━━━━━ Available records

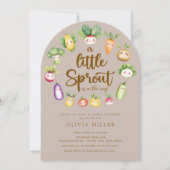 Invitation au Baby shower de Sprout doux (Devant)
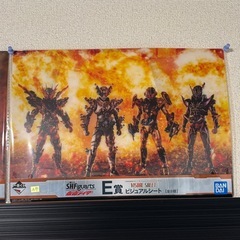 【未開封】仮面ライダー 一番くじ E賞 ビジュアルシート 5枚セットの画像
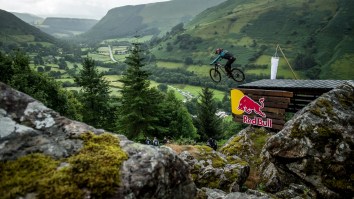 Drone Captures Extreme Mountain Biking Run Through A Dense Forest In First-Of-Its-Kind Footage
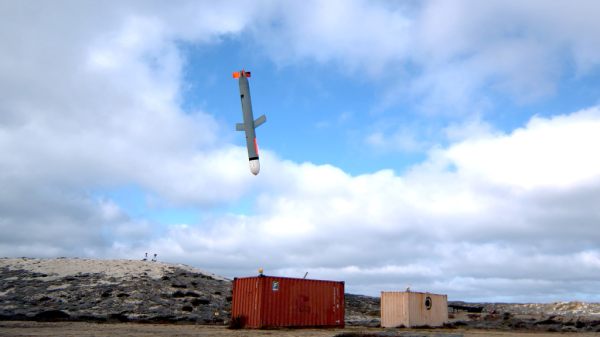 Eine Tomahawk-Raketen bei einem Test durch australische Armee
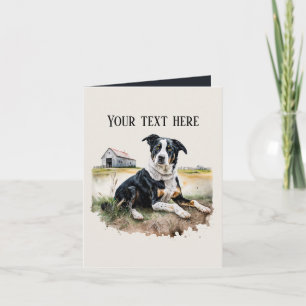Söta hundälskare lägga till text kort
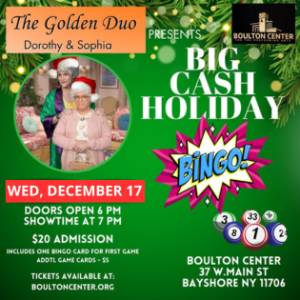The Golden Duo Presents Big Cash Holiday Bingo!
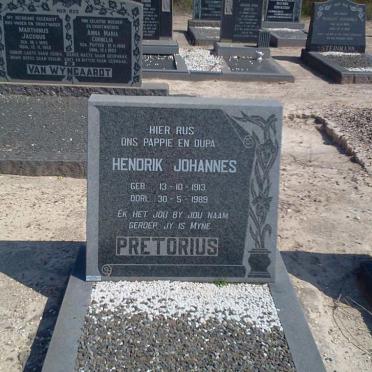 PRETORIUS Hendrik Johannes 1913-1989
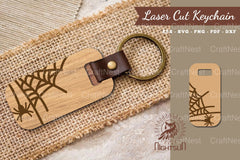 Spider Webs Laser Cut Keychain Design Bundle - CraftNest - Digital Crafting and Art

━━━━━━━━━━
━━━━━ Available records

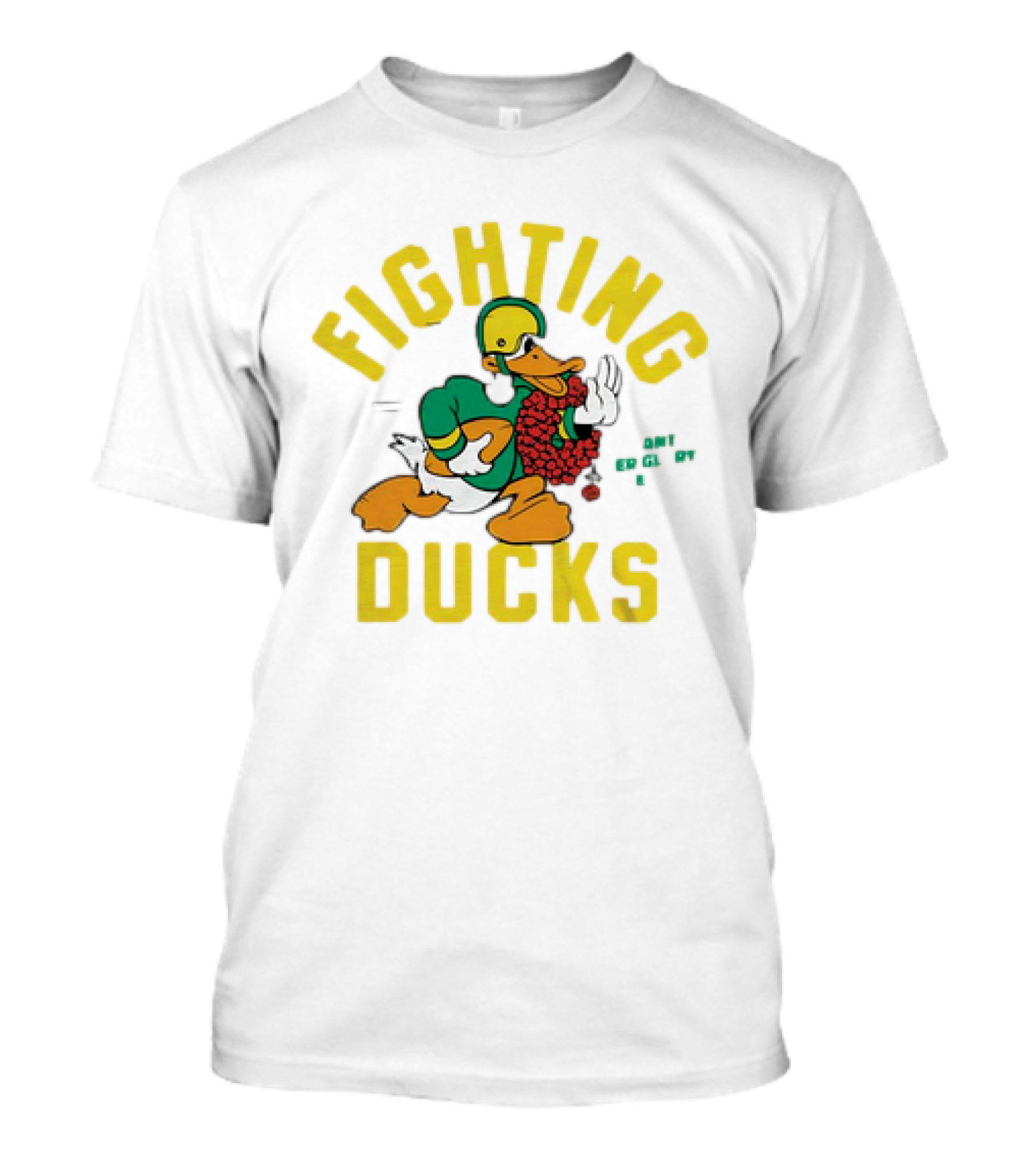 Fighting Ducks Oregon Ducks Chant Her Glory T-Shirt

━━━━━━━━━━
━━━━━ Available records

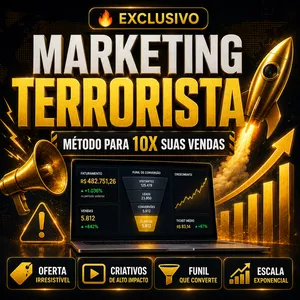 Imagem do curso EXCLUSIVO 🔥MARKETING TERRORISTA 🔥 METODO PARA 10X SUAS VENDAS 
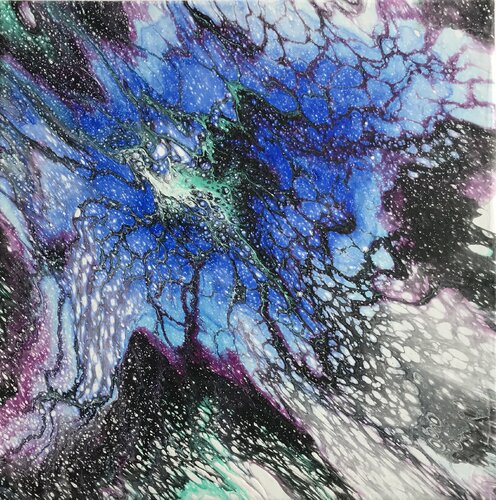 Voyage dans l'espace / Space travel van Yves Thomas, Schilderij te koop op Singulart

━━━━━━━━━━

● Task to carry out
Taking the records above, print only and exactly the lines from the line with "Invitation au Baby" to the line with "Söta hundälskare lägga till text kort", both kept, and exclude pictures.

● Solution to this task
 Invitation au Baby shower de Sprout doux (Devant)
 【未開封】仮面ライダー 一番くじ E賞 ビジュアルシート 5枚セットの画像
 Drone Captures Extreme Mountain Biking Run Through A Dense Forest In First-Of-Its-Kind Footage
 Eine Tomahawk-Raketen bei einem Test durch australische Armee
Söta hundälskare lägga till text kort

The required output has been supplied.